Kembali ke Pengantar
KOMPAS ON LINE
Senin, 15 Juni 1998
Seandainya Sistem Distrik Berlaku pada
Pemilu 1955
Oleh Dwight Y King
PELAKSANAAN seluruh agenda reformasi sangat tergantung pada penyelenggaraan
pemilu menurut Dr Mochtar Pabottinggi di depan Komisi DPR (Kompas, 4 Juni). Mochtar
bersama Dr Miriam Budiardjo menyarankan untuk tidak tergesa-gesa menyelenggarakan
pemilu, sebelum segalanya dipersiapkan dengan baik. Dua hal penting yang harus
diperhatikan adalah apakah sebaiknya memakai sistem pemilihan proporsional atau distrik
dan kedua, jumlah partai politik.
Menurut Dr William Liddle ("Proporsional atau Distrik?" Kompas2 Juni), demokrasi
memerlukan kepemimpinan politik yang memiliki dua sifat: representatif dan mampu
memerintah. Sistem pemilihan proporsional lebih unggul dari segi perwakilan
(representatif).
Proporsi kursi suatu orpol dalam badan legislatif akan persis sama dengan proporsi suara
yang diperoleh (persentase kursi = persentase suara).
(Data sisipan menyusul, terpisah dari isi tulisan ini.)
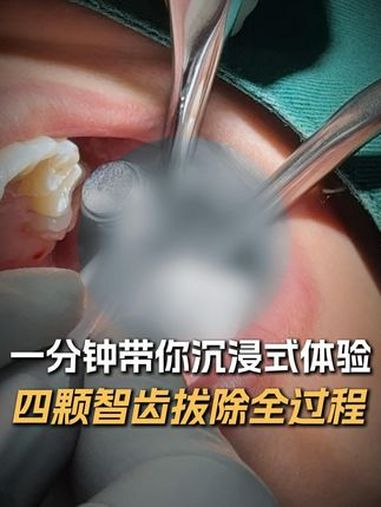 一分钟带你沉浸式体验 四颗智齿拔除全过程 智齿 拔牙 四颗智齿一起拔 王佃灿 北大口腔医院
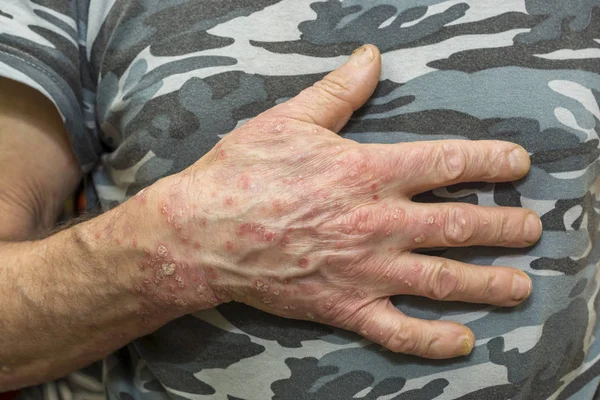 Pele Mão Homem Afetada Por Uma Doença Dermatológica Psoríase — Fotografia de Stock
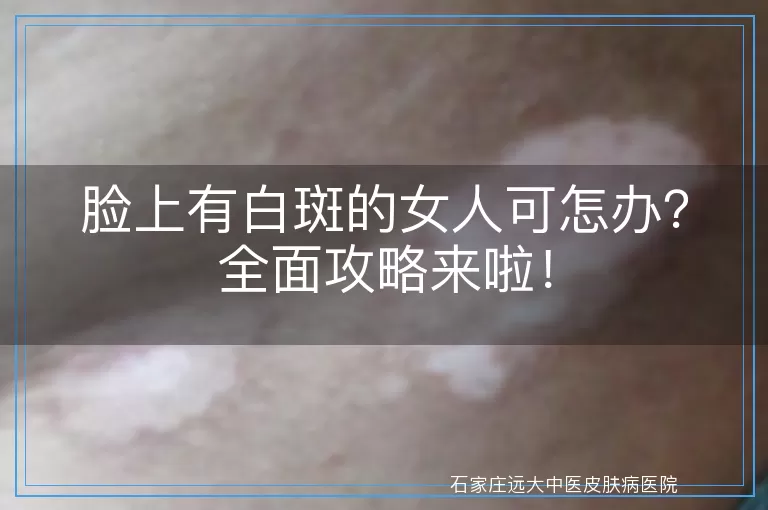 脸上有白斑的女人可怎办？全面攻略来啦！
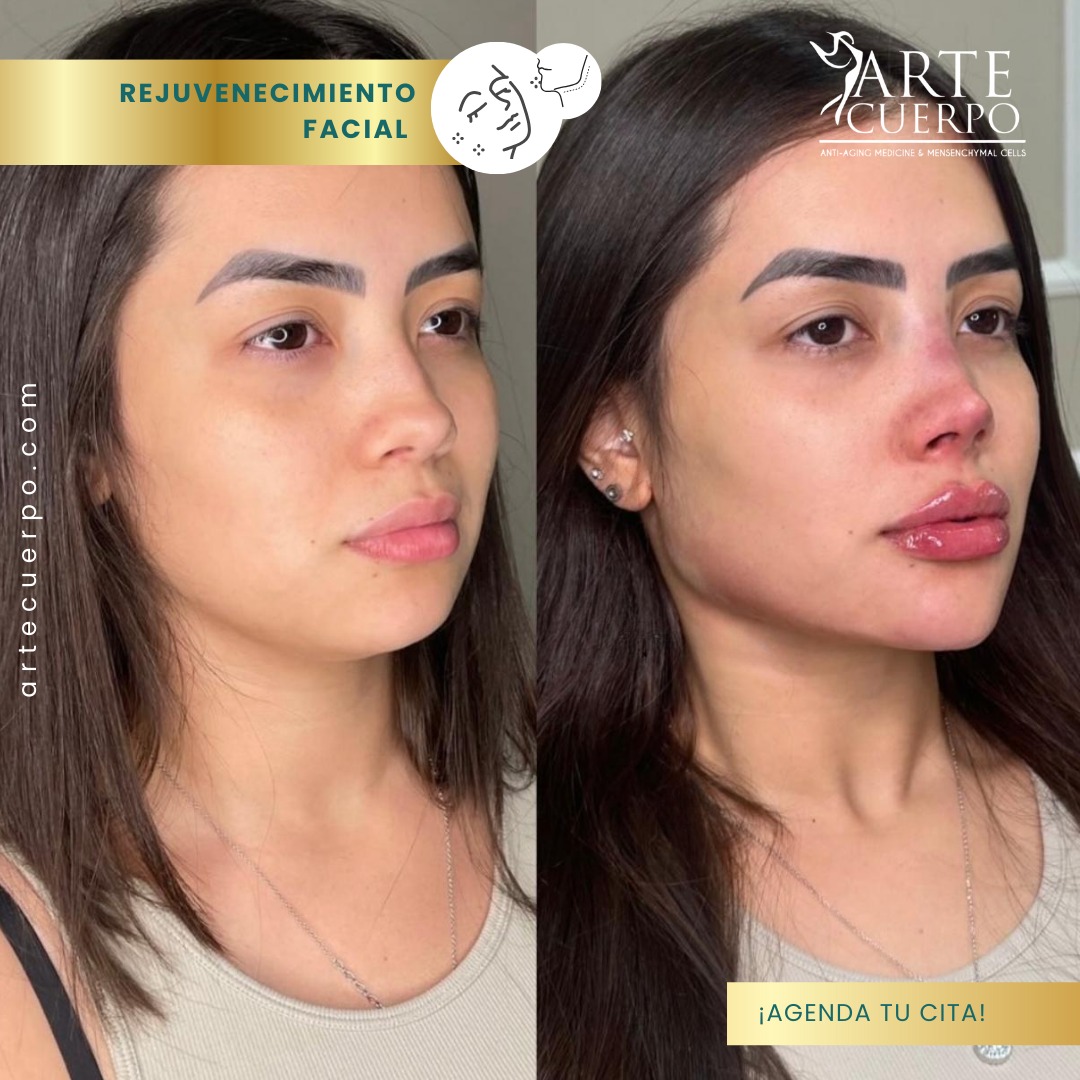 Clinica spa arte cuerpo  Facebook ad
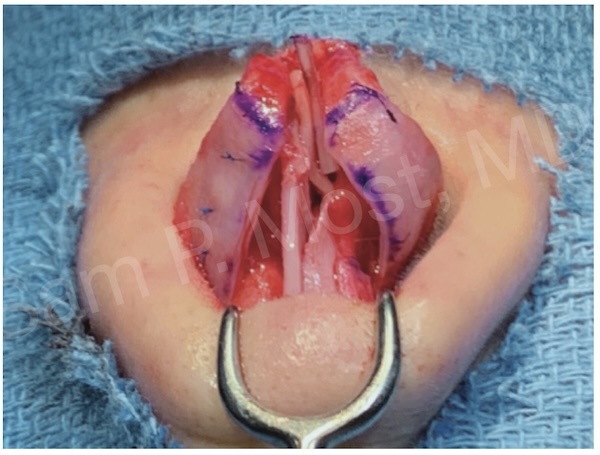 Mini-LCSG intraoperative photo
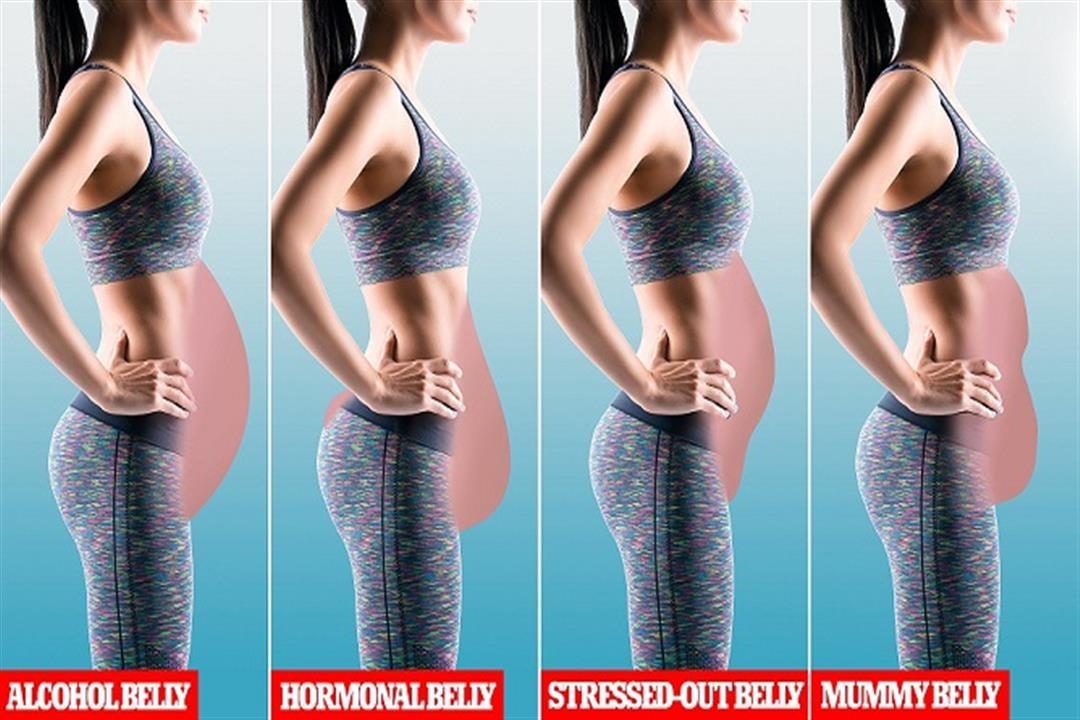 أنواع الكرش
Akan tetapi sistem distrik rupanya lebih menghasilkan pemerintahan yang mampu
memerintah, sebab jumlah orpol cenderung berkurang dan kemungkinan pemerintah koalisi
yang lemah lebih kecil. Rizal Mallarangeng ("Tunda Dulu Sistem Distrik," Kompas,
2 Juni)
meragukan kesimpulan ini. Rizal berpendapat sistem distrik memperlemah basis kepartaian
dan mendorong meluasnya "personalisasi" politik.
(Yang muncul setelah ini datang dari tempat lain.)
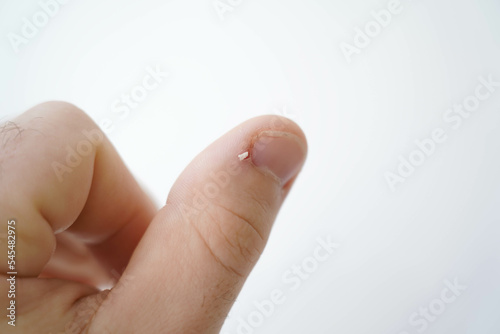 Men's manicure at home. Cut fingernails. Fingernails close-up. Untrimmed nails, burrs on the fingers, untidy manicure.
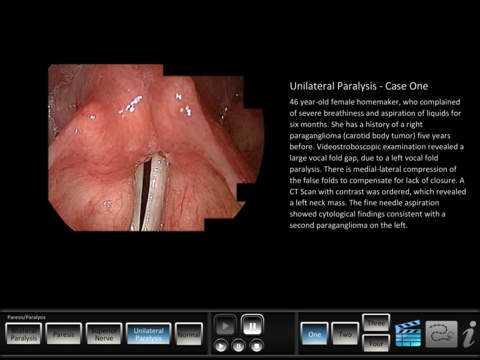 【免費教育App】Vocal Pathology: Paresis/Paralysis-APP點子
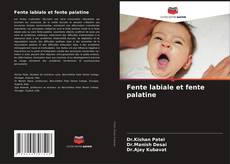 Buchcover von Fente labiale et fente palatine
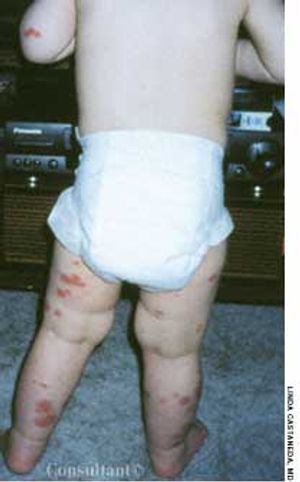 Toddler With Henoch-Schönlein Purpura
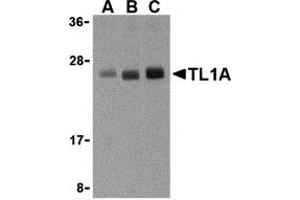 Western Blotting (WB) image for anti-Tumor Necrosis Factor (Ligand) Superfamily, Member 15 (TNFSF15) (N-Term) antibody (ABIN1031618) (TNFSF15 anticorps  (N-Term))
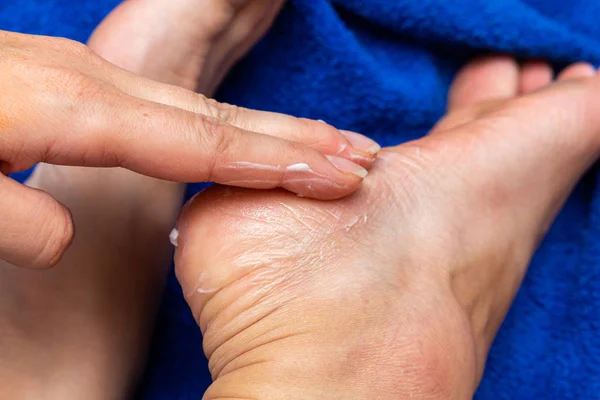 applying cream on the feet sole for the treatment of corn, callus, callosity, cracks, softening the skin, cosmetic procedures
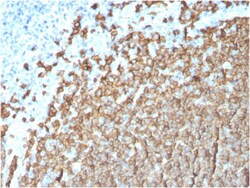 Biotium&nbsp;CD20/ MS4A1 (B-Cell Marker)(MS4A1/3411), 0.2mg/mL
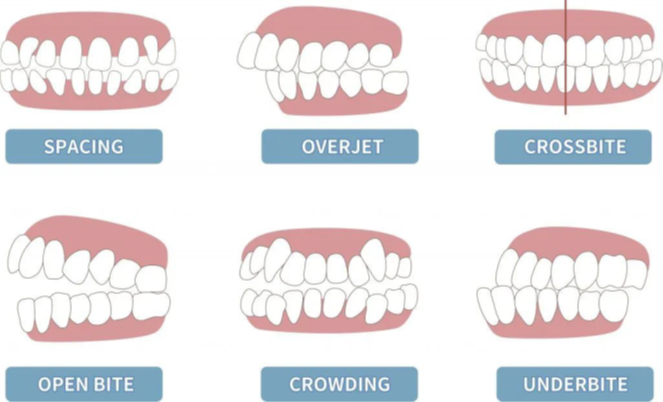 illustrated examples of teeth needing braces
Sejauh ini pembahasan mengenai sistem pemilihan sangat teoretis. Walaupun hal ini
berguna, perdebatan tingkat teoretis perlu didasarkan pada analisa empiris dan data
historis. Untuk itu saya akan mencoba menganalisa data empiris dari Pemilu 1955 yang
mungkin dapat membantu menjelaskan perdebatan teoretis tersebut. Kenapa Pemilu 1955?
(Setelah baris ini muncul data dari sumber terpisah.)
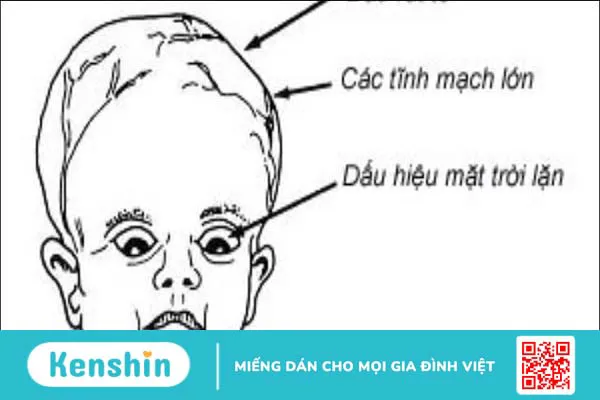 3 biến chứng não úng thuỷ thường gặp, cách điều trị và phòng ngừa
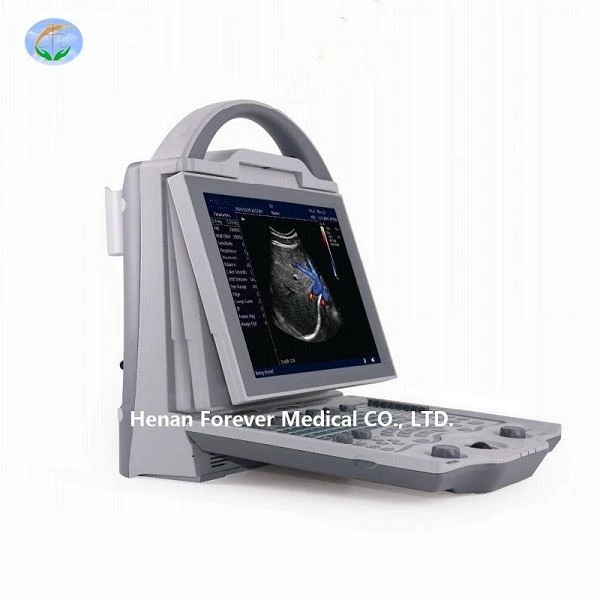 Système de diagnostic par ultrasons noir et blanc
Jawaban saya adalah bahwa Pemilihan Umum 1955 dianggap oleh banyak pakar
satu-satunya pemilihan umum yang paling dekat dengan kriteria demokrasi. Pertama jumlah
dan pengorganisasian orpol tidak dibatasi. Kedua, pelaksanaan pemilu luber betul. Ketiga,
pluralisme kehidupan politik agak sama dengan era reformasi sekarang.
Seperti kita ketahui, hanya sistem proporsional telah berlaku di Indonesia mulai Pemilu
1955 sampai sekarang. Kebanyakan pakar setuju bahwa Pemilu 1955 telah menghasilkan
DPR yang sangat representatif (28 partai politik terwakili). Tetapi hasil pemilu ini tidak
menyebabkan munculnya pemerintahan yang kuat. Tujuh puluh tujuh persen dari jumlah
suara dibagi oleh empat partai "besar": PNI (22,3 persen), Masjumi (20,9
persen), NU
(18,4 persen) dan PKI (15,4 persen). Hasil pemilu itu tidak meyakinkan sebab partai
"terkuat" hanya didukung oleh kurang dari seperempat pemilih. Hasil ini
menunjukkan
adanya fragmentasi yang sangat besar di DPR. Perbedaan apakah yang akan muncul jika
sistem distrik diterapkan pada Pemilihan Umum 1955? Apakah akan muncul pemerintahan
yang lebih mampu memerintah?
***
MENJAWAB pertanyaan tersebut di atas, saya perlu membuat beberapa asumsi tentang
jumlah distrik dan jumlah wakil dari setiap distrik. Pertama, adanya 189 distrik sama
dengan jumlah daerah administratif (kabupaten, karesidenan) yang sebenarnya digunakan
pada waktu itu.
Asumsi kedua mengenai jumlah wakil. Dari setiap distrik kita asumsikan bahwa ada minimal
satu wakil. Akan tetapi muncul persoalan adanya variasi jumlah penduduk di antara
distrik-distrik itu. Umpamanya, Kabupaten Bandung memiliki jumlah penduduk 1.289.478
pada 1955, sedangkan Kotamadya Cirebon memiliki jumlah penduduk 100.867. Kalau
kedua distrik itu diwakili oleh wakil-wakil dengan jumlah yang sama, akan muncul
persoalan representatifnya sistem. Untuk mengurangi masalah ini, kita sebaiknya perlu
memperhitungkan keberadaan variasi jumlah penduduk.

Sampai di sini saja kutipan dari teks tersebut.